1. Be Liberal in the Use of Surprises

This tip might sound somewhat counterintuitive as plentiful surprises make it sound like you should spoil your child even more. Rather than upping the number, however, you should convert some of the occasions on which you give them something into surprises to reinforce the fact that you’ve done something special. When something is pleasant but unexpected, it’s far more likely to be appreciated.

2. Cut Down on Choice when Appropriate

This is a tricky tip, as we’ve encouraged parents to broaden the choices open to their children depending on the circumstances as it builds confidence and decision-making skills. However, it’s up to you to decide when that’s appropriate, and when it might be best to make the decision for them. If too many options get discussed, they might fail to appreciate the one you settle on, especially if another one gets stuck in their head.

3. Be More Open than You Ordinarily Might About Hardships

It’s difficult for children to process the idea that they can’t have everything they want. It’s just as challenging to understand when they cannot go somewhere or get something. Most parents try too hard to disguise any issues they face. However, if your child is old enough to understand, it’s not a bad thing to discuss topics when times or tight, or when they were in the past. The sooner they appreciate the work it takes to obtain what they want, the more appreciative they’ll be.

4. Get Kids Involved with Those that are Less Fortunate

Even if you struggle to open up on your own hardships, kids don’t have to be grown up to appreciate the challenges of others. If you can get them involved with charity work or anything that helps other people, they’ll grow an understanding of the problems that life can throw at them and will hopefully become more grateful for what they have.

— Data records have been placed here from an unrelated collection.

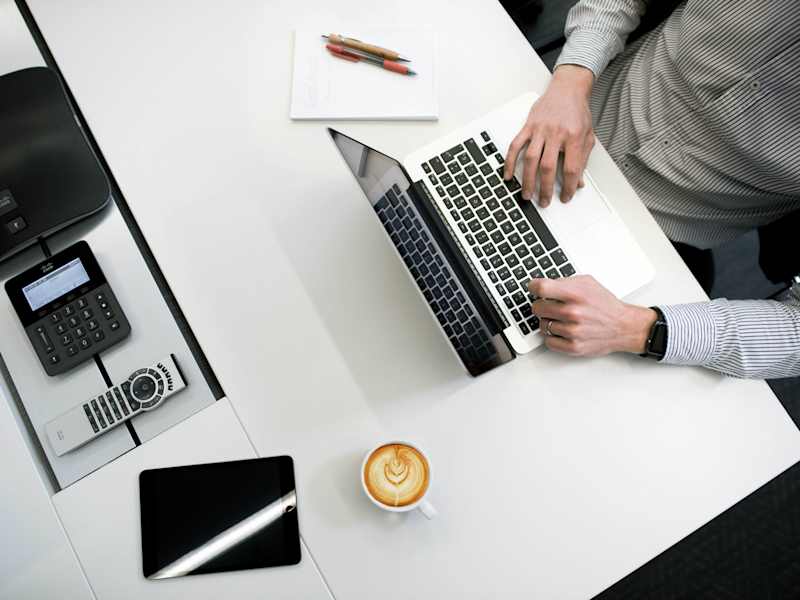 Cover image for Virtual Assistance for Entrepreneur's Daily Operations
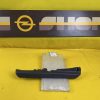 Blende Führungsschiene außen rechts Opel Crossland X / Insignia B GM 39087601 Schwarz
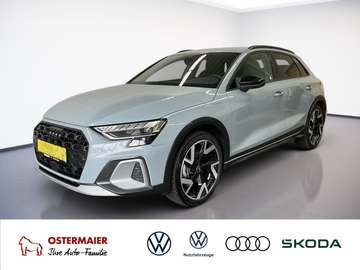 allstreet 35 TDI 150PS.STRONIC.LED.NAVI.AC-AUTOM.K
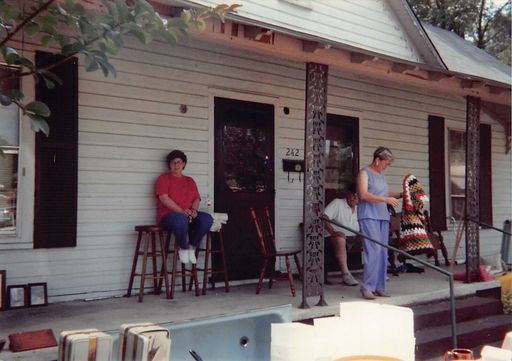 Alice Thompson Benton photo gallery thumbnail 20 of 42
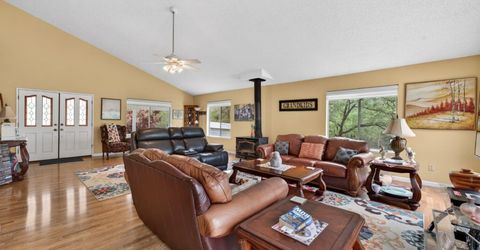 11198 Brahms Ct, Smartville, CA 95977 Photo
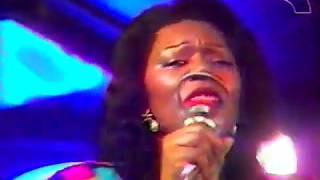 Boney M.  Feat:  Liz Mitchell - No Woman No Cry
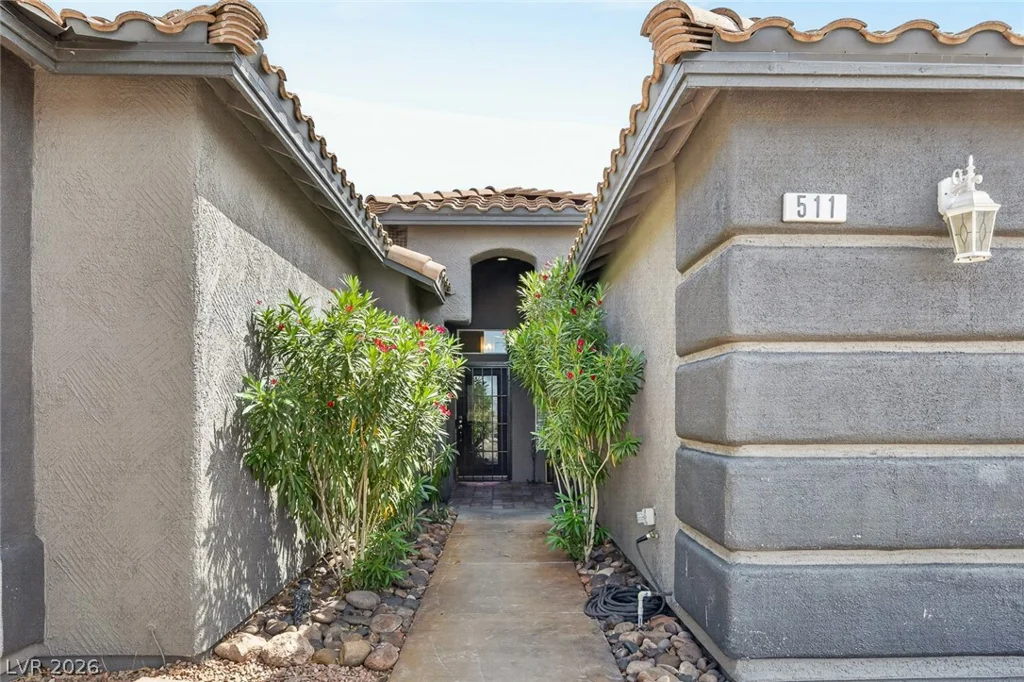511 Coolidge, Henderson, NV 89015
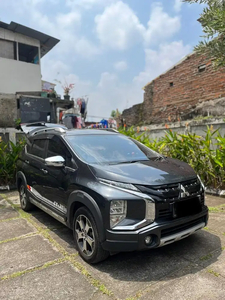 Mitsubishi Xpander 2022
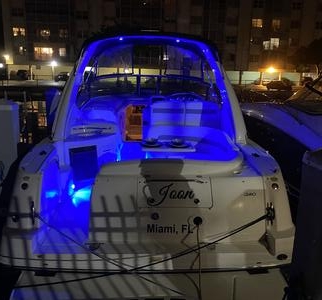 make model boat rental in Hallandale Beach, FL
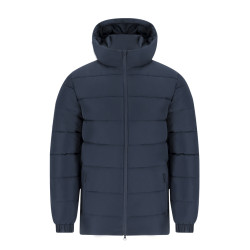 Parka Niño 100% Poliéster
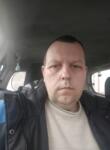 Dating with the men - Алексей, 41 y. o., Maladzyechna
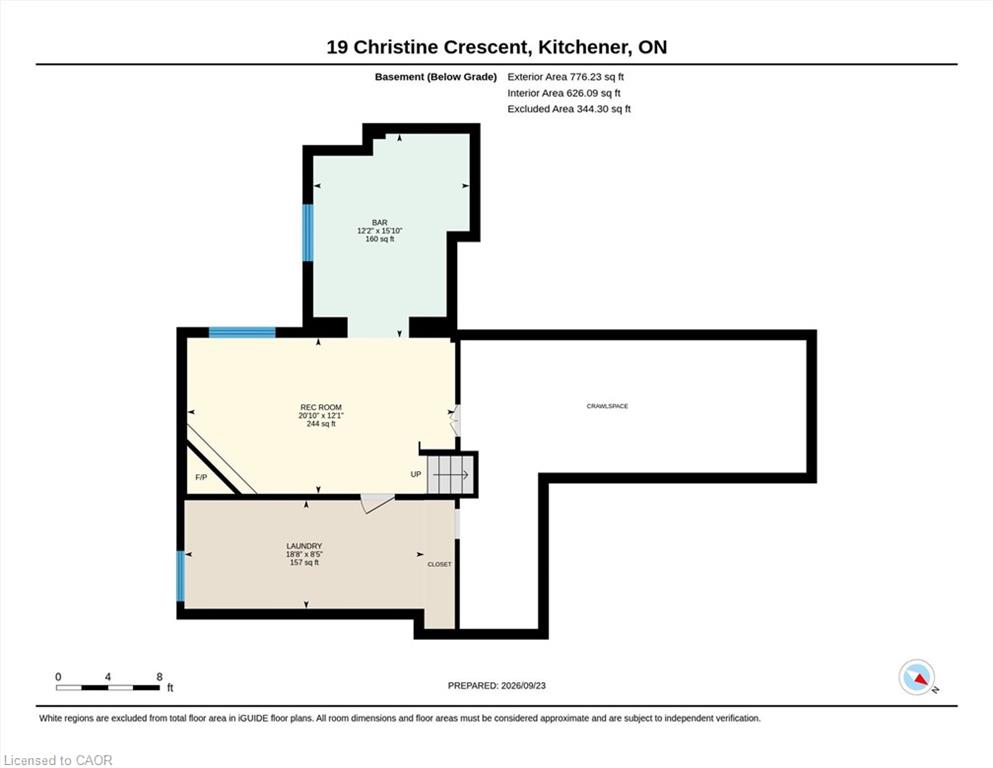 19 Christine Crescent Property Photo 43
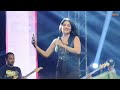 OLEH OLEH LUSYANA JELITA ADELLA LIVE PURWOSEKAR MALANG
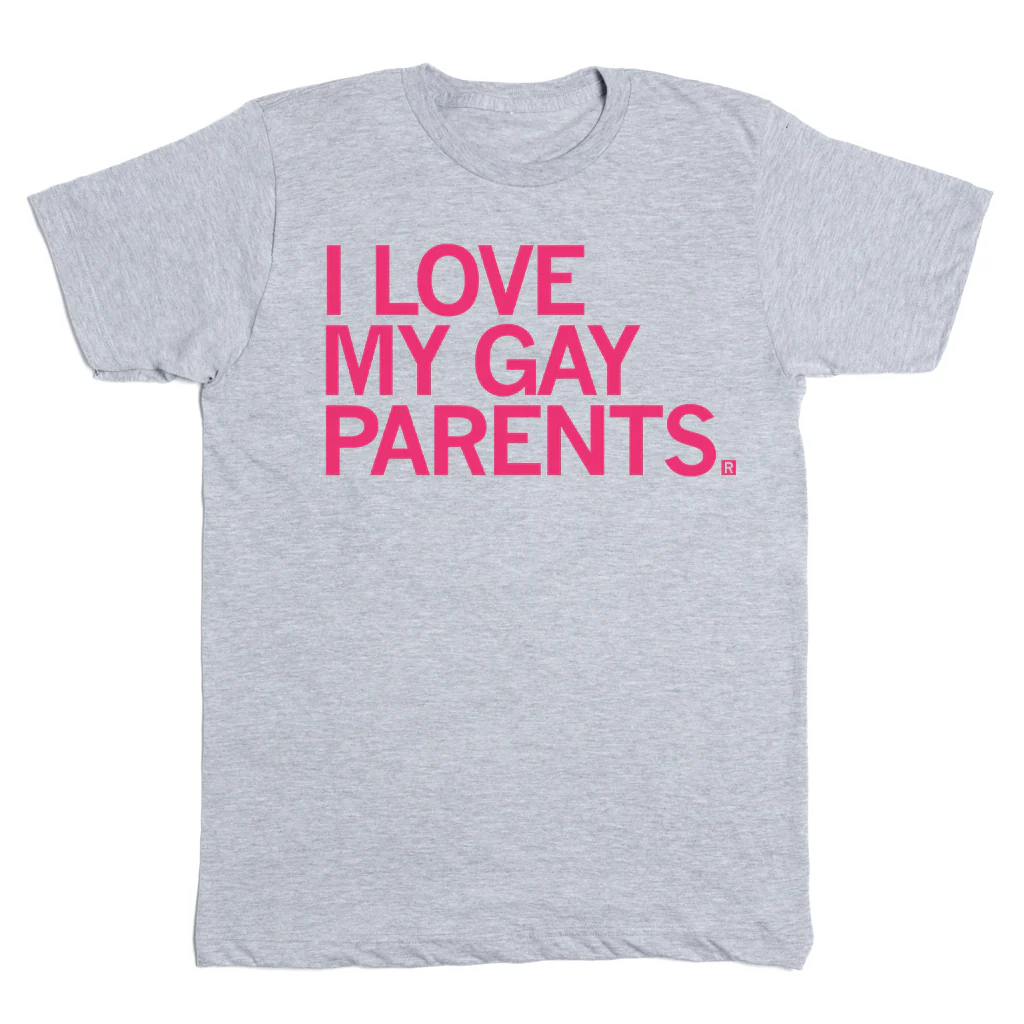 I Love My Gay Parents - Image 2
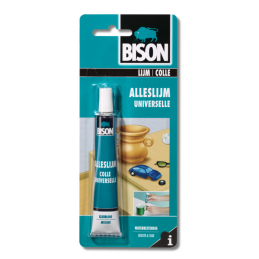 Alleslijm universeel 25 ml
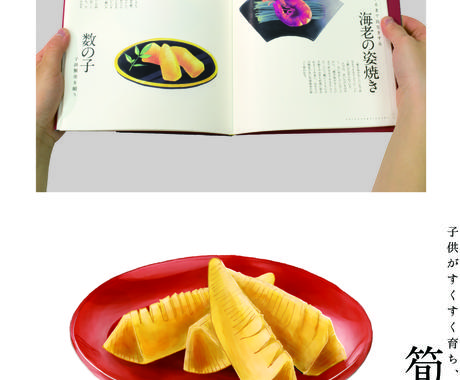 イラストつき冊子デザインいたします シンプル かわいい わかりやすいデザインいたします パンフレット カタログデザイン ココナラ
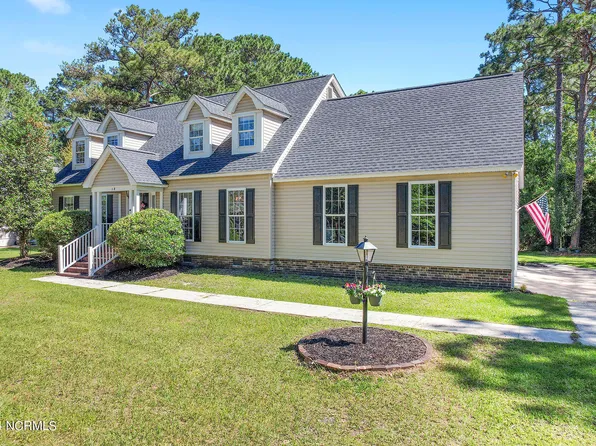 18 Palmer Drive, Shallotte, NC 28470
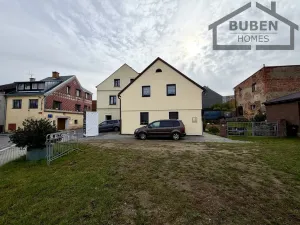 Pronájem bytu 1+kk, Tachov, Volyňská, 50 m2
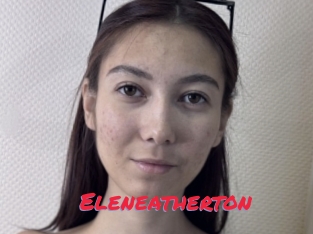 Eleneatherton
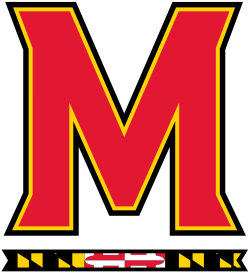 Maryland Terrapins logo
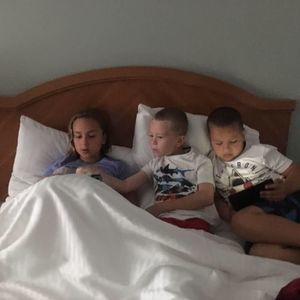 Meet your Posher, Florence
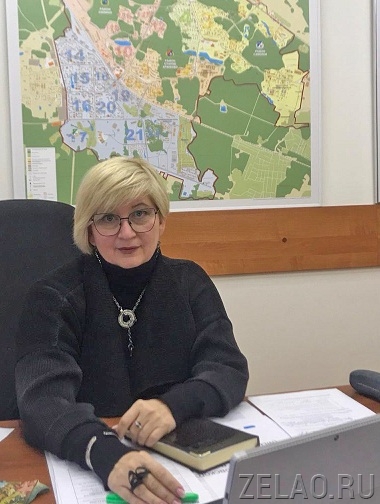 Зеленоград: концепция, структура и необычные адреса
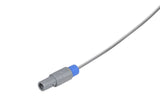 Guoteng Compatible Reusable SpO2 Sensor 10ft - Pediatric Soft - Pluscare Medical LLC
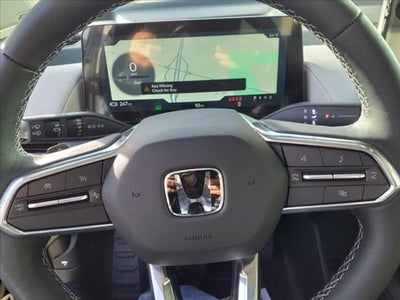 2024 Honda Prologue Touring AWD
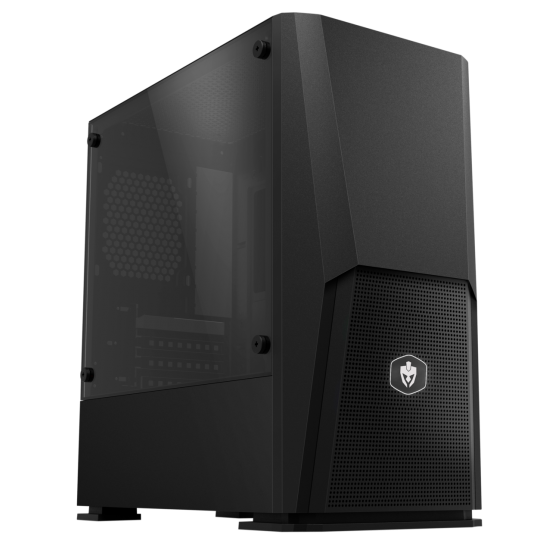 GABINETE GAMER EG813 BLAST EVOLUT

5. Reinforce a Positive Attitude

Gratitude is a positive emotion and positivity in other aspects of their life will make it easier to express it. You probably face difficulties of your own, but if you can put a brave face on things and look on the bright side, it will become natural for them to do the same.

6. Lead By Example

There isn’t a whole lot more to being grateful than saying thank you and being genuinely happy with what someone has done for you. You can’t expect your kids to start acting in this way if you can’t do it yourself. Hopefully, you’re a grateful person anyway and if that’s the case, you’re all set to share that with your kids and demonstrate the right approach to just about anything. If not, well, you have the motivation of becoming a better teacher to drive you on to becoming a more grateful person yourself – and that’s not an adverse side-effect by any standards.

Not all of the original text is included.